Pharmaceutical prices are dominating public concerns about health care, according to a recent poll by the Kaiser Family Foundation that shows three-quarters of Americans support limiting how much drug companies can charge for high-cost drugs. So it’s especially disappointing to see that the first imitators of a new generation of biologic cancer drugs approved for the U.S. market will be started with a discount only about 3% below the innovator’s cost to Medicare.
The new drugs, called biosimilars, are meant to imitate the effect in patients of large-molecule biologic drugs containing uniquely engineered proteins. It’s not possible to stamp out exact copies of the drugs, as it is with chemically-based generic medicines such as statins, because biologics contain unique, living proteins. Hence the term, “biosimilar.” Biologics also must be administered by physicians through injection or infusion because of the size of the molecules, adding to their costs.
In a column earlier this year, I wrote about the expectation that the Food and Drug Administration (FDA) would approve Zarxio, a drug that is biologically similar to Amgen AMGN +0.66%’s Neupogen, as the first biosimilar to reach the U.S. market. Neupogen® is injected as part of the treatment for cancer patients receiving chemotherapy, for patients with abnormally low counts of white blood cells, and other indications.

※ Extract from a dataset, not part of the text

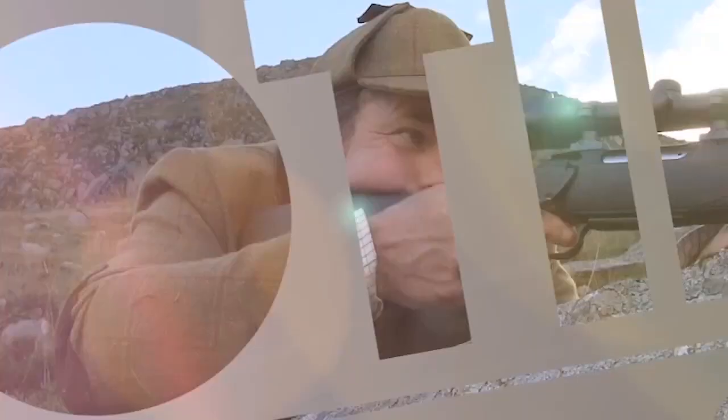Welcome to The Shooting Show. This week we test out Purdy's new bolt action rifle down on the range and out in the field at Rodos. Plus we bring you all the latest news from the shooting world.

Zarxio is a product of Sandoz Inc. which already sells its Neupogenbiosimilars in more than 40 countries outside the United States. Sandoz just received approval to start selling Zarxio in the U.S.
Mark McCamish, Sandoz’s global head of biopharmaceuticals and oncology injectables development, had earlier told an FDA panel that sometimes the product might be priced “at parity” but that overall Zarxio would save the system money through rebates or other mechanisms. Under Medicare’s payment system, established physician-injected drugs like Neupogen are paid based on a market-based payment mechanism (which includes discounts and rebates).
The Washington Post reports that the initial pricing for a dose of Zarxio ($438.98) will be about 15% less than Neupogen ($516.45). But the average sales price of Neupogen, which is the basis for its Medicare payment amount, is about $449.81. That means the Zarxio biosimilar represents just a 2.4% savings at launch. That’s hardly what legislators keeping tabs on Medicare and other federal spending had expected when the biosimilar pathway was created.